The appointed members of the Joint Review Panel—one woman and two men, aided by support staff—had been holding hearings about the pipeline impacts for months now and would eventually present the federal government with their recommendation on whether the project should go ahead. Bella Bella, whose population
is roughly 90 percent Heiltsuk First Nation, was more than ready for them.

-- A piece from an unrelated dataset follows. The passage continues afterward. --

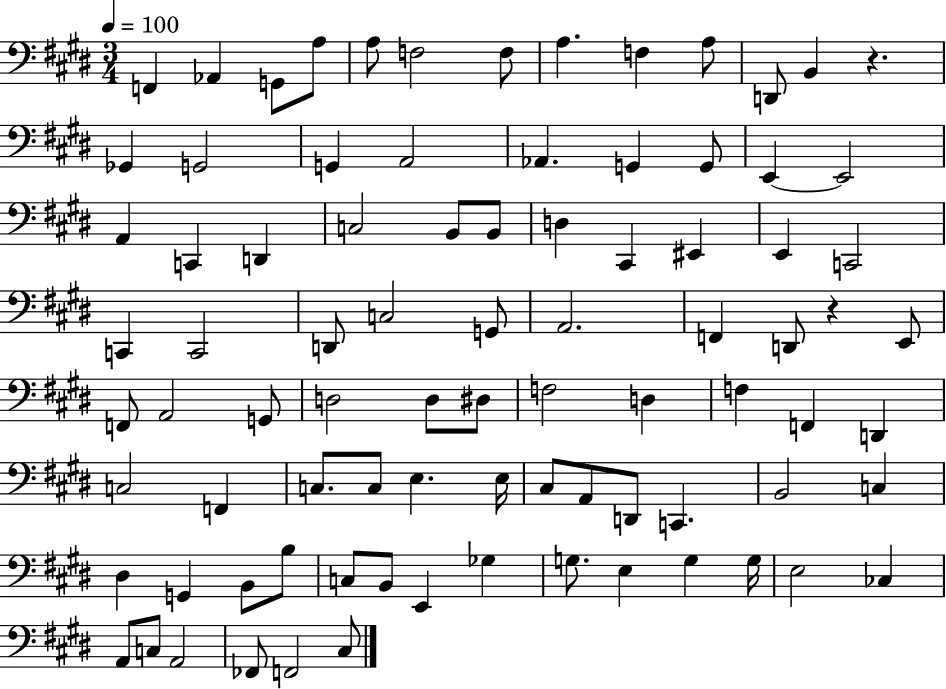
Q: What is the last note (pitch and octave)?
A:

A line of Heiltsuk hereditary chiefs waited on the tarmac, all dressed in their full regalia: robes embroidered with eagles, salmon, orcas, and other creatures of these seas and skies; headdresses adorned with animal masks and long trails of white ermine fur, as well as woven cedar basket hats. They greeted the visitors
with a welcome dance, noisemakers shaking in their hands and rattling from the aprons of their robes, while a line of drummers and singers backed them up. On the other side of the chain link fence was a large crowd of demonstrators carrying anti-pipeline signs and canoe paddles.

Standing a respectful half step behind the chiefs was Jess Housty, a slight twenty-five-year-old woman who had helped
to galvanize the community’s engagement with the panel (and would soon be elected to the Heiltsuk Tribal Council as its youngest member). An accomplished poet who created Bella Bella’s first and only library while she was still a teenager, Housty described the scene at the airport as “the culmination of a huge planning effort driven by our whole community.”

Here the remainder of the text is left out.